Cabinet sources told The Australian yesterday that at least nine ministers spoke against Ms Gillard's "personal decision" to have Australia vote against the resolution to give Palestine observer status at the UN.
The torrid meeting was described as "vigorous" and "willing" with only one minister, Senator Conroy, prepared to speak on Ms Gillard's side and only one other Minister, another Victorian, Bill Shorten, prepared to vote with the Prime Minister.
Ms Gillard told cabinet she had made her "own decision" for Australia to vote against the UN motion and "expected cabinet solidarity". Last night, Foreign Minister Bob Carr told Sky News: "Cabinet voted to back the judgment of the Prime Minister. That was the decision of cabinet.
"The Prime Minister was open to discussions with all her colleagues - and her colleagues represent the gamut of opinion on this subject. It was a great tribute to her."
Cabinet ministers were surprised when it became clear Ms Gillard had changed her mind because she couldn't get the support of a majority of her caucus colleagues and conceded a compromise of Australia "abstaining" in the UN vote.
The opposition to Ms Gillard's decision to vote "no" came from across the factions, state boundaries, her own supporters, supporters of Kevin Rudd and from the backbench and ministry.
One Labor MP said last night: "By the time she got to the caucus, her foot soldiers were telling her that she possibly did not have the numbers. So rather than risk the embarrassment of being defeated on the floor of the caucus, she capitulated.
"But it was a very, very tense 12 hours, I can tell you.
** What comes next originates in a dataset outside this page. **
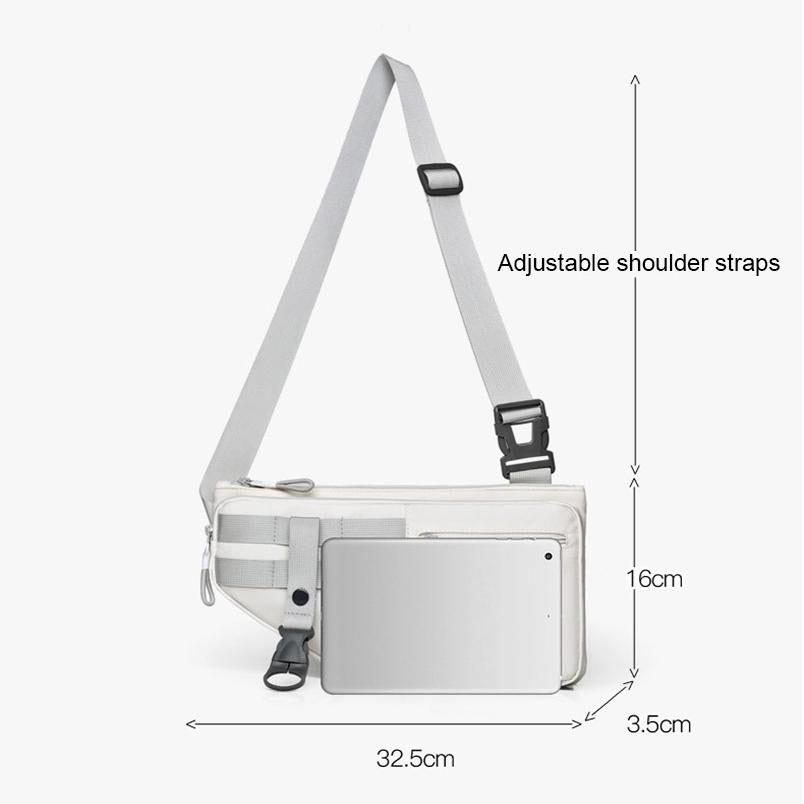 Large Sports Shoulder Bag With Multiple Pockets 2502 - Beige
She came perilously close to losing the leadership this morning."
Cabinet also fractured over media reform on Monday night as Senator Conroy failed to gain an agreement on a package of changes including government oversight of the press.
Senator Conroy refused to split the package in order to fast-track a licence fee cut for three big commercial networks, as ministers resisted his separate proposals for a public interest test on media ownership and a new regime for news and current affairs that would give Canberra a say in the industry's self-regulation.
While media reform was not on the official cabinet agenda, The Australian was told that an informal discussion was held, but it could not produce a consensus, despite Ms Gillard's attempts in recent months to reach a compromise on proposals recommended to government in February.
Asked in caucus when the media package would be ready, the Prime Minister told Labor MPs yesterday that the changes needed more time.
On the Palestinian UN vote, Ms Gillard and Senator Carr issued a joint statement last night saying that Australia would abstain if the vote was put to the UN.
Cabinet ministers who opposed the Prime Minister's initial decision to oppose the move to give Palestine observer status included Senator Carr and his portfolio partner and strong supporter of Ms Gillard, Trade Minister Craig Emerson, as well as Climate Change Minister Greg Combet and influential NSW right winger and Water Minister Tony Burke.
Ministers argued that the decision needed to take into account Australia's upcoming position on the UN Security Council and would not be seen as being anti-US or anti-Israel. Senator Carr said there had been no adverse reaction from the US, which will oppose the motion, after Australia announced its position.
Greens leader Christine Milne said that Australia, "as a newly elected member of the UN Security Council and a country which ostensibly supported a peaceful two-state solution, should vote for recognition of Palestine as a non-member state observer at the UN this week, rather than abstaining".
"Recognising Palestine as a non-member state observer at the UN would be an important peaceful step towards a peaceful, two-state solution in the Middle East, an aim the government says they support," Senator Milne said.
"Now that we have been elected to the Security Council, it is important that Australia stands up with an independent foreign policy, but this first major decision since our elevation does not bode well."